Jetzt kann man natürlich sagen, das sind alles alten Geschichten aus einer längst vergangenen Zeit. Aber auch ein Videospiel ist nur ein Videospiel. Und wenn es wirklich, wie öfter gesagt wird, ein Problem ist, dass Jugendliche nicht mehr zwischen Videospiel und Realität unterscheiden könne und daher nicht wissen, wann es genug ist, dann kann ich den jungen Menschen nur eine Empfehlung geben: Mehr raufen. Denn wer ein paar Mal eine Ohrfeige, einen Ohrenreiber oder eine Kopfnuss gekostet hat, der weiß auch, wann es genug ist.
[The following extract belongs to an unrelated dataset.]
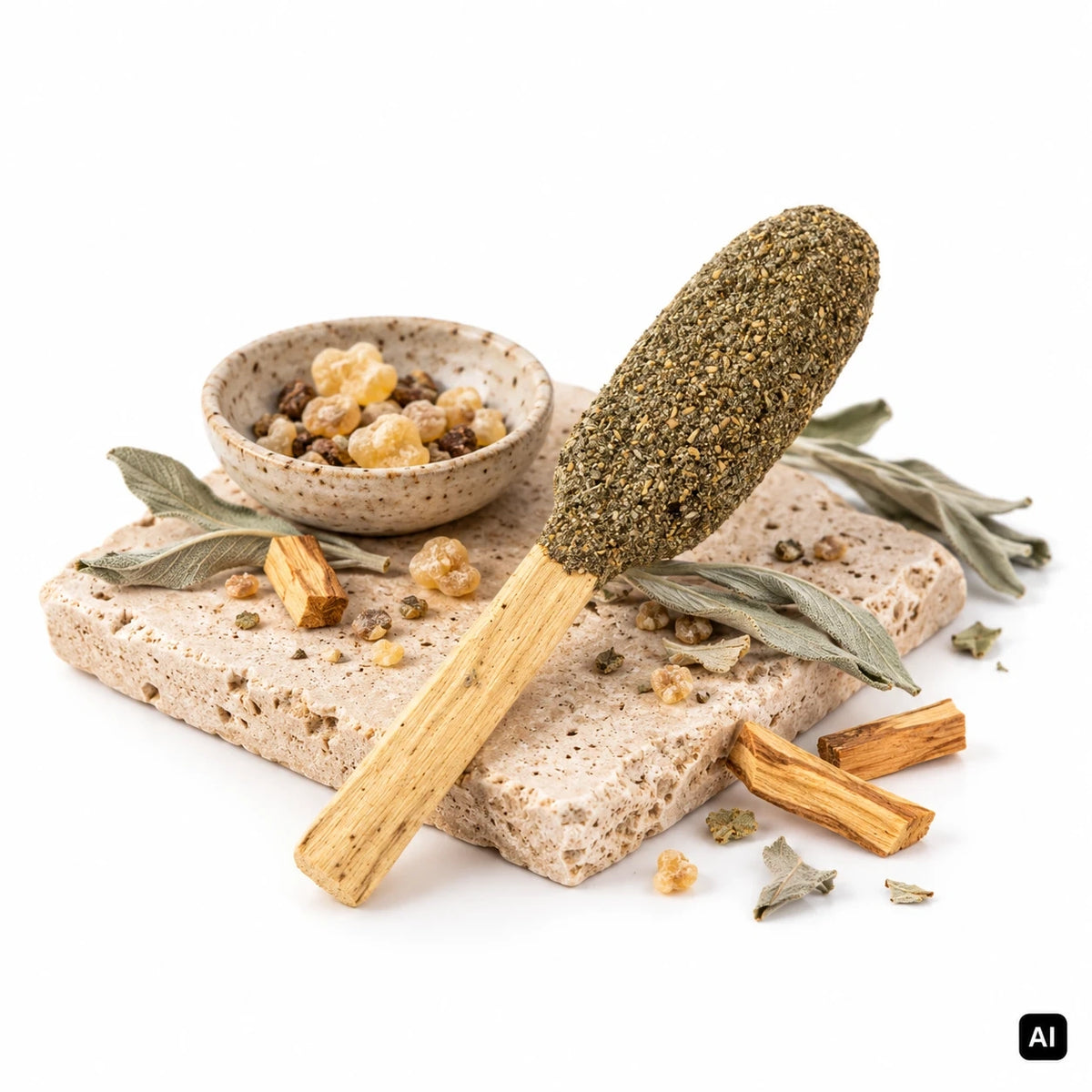 Green Tree Palo Santo Stick Blauer Salbei Räucherstab 12 cm mit Salbei-Kräuterummantelung auf Natursteinplatte, daneben Weihrauchharz, Salbeiblätter und Palo-Santo-Holz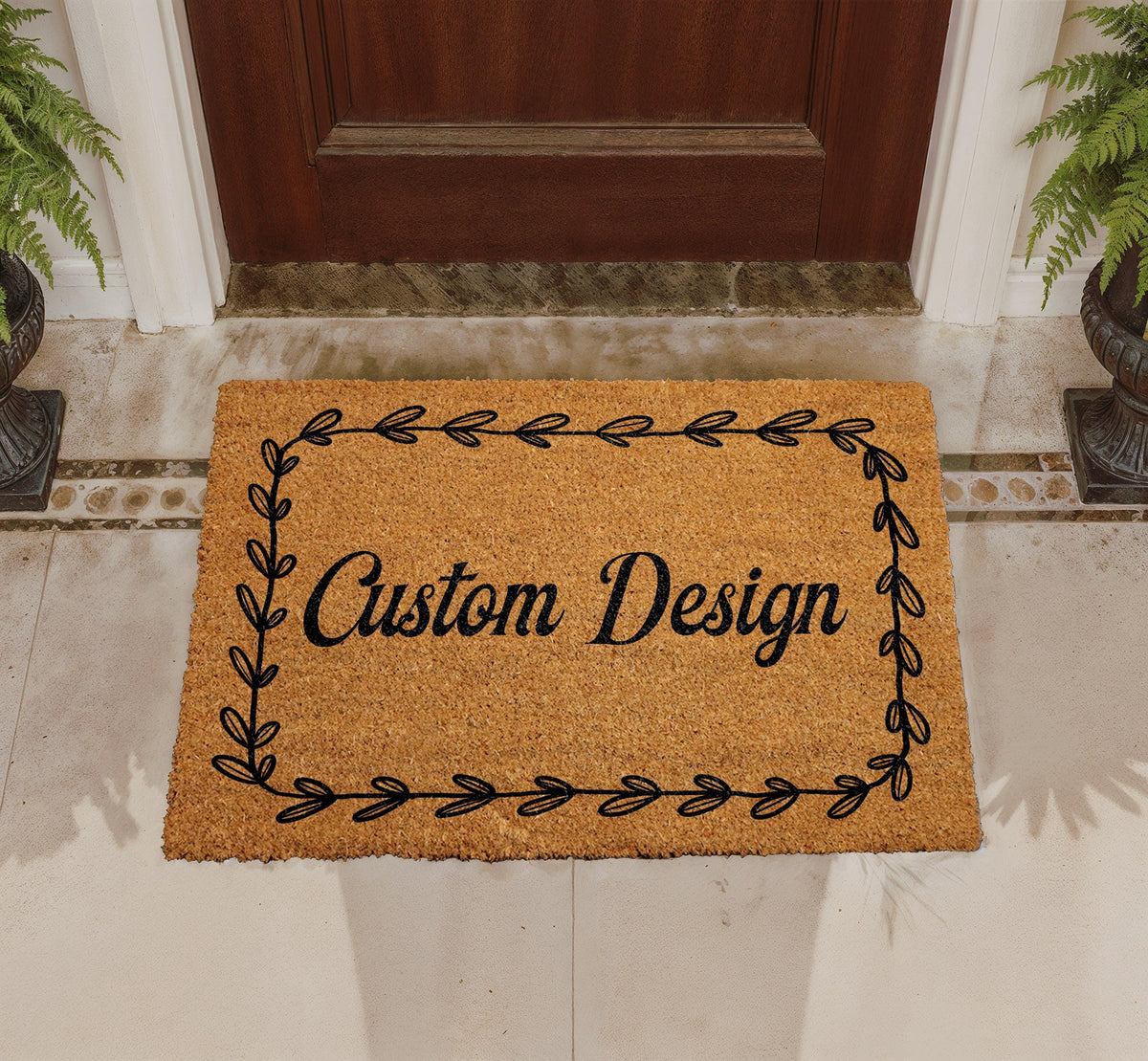 Personalized Coir Doormat, Custom Welcome Mat, Natural Fiber Door Mat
Für Erwachsene, die sich dann vom jugendlichen Lärm gestört fühlen, gibt es im Übrigen ein neues Gerät auf dem Markt. „Swiss Mosquito“ nennet sich eine Vorrichtung, die einen überaus nervigen Pfeifton erzeugt. Im Grenzbereich des Hörbaren zwischen 16 und 18 kHz, die – so die Broschüre der Herstellerfirma - Menschen über 25, „altersbedingt kaum wahrnehmen“ können. Jüngere aber verlassen fluchtartig den Wirkungsbereich von „Swiss Mosquito“.

Mit so einem Gerät, könnte sich vielleicht so manche Gemeinde den Abriss und Wiederaufbau von Wartehütteln ersparen.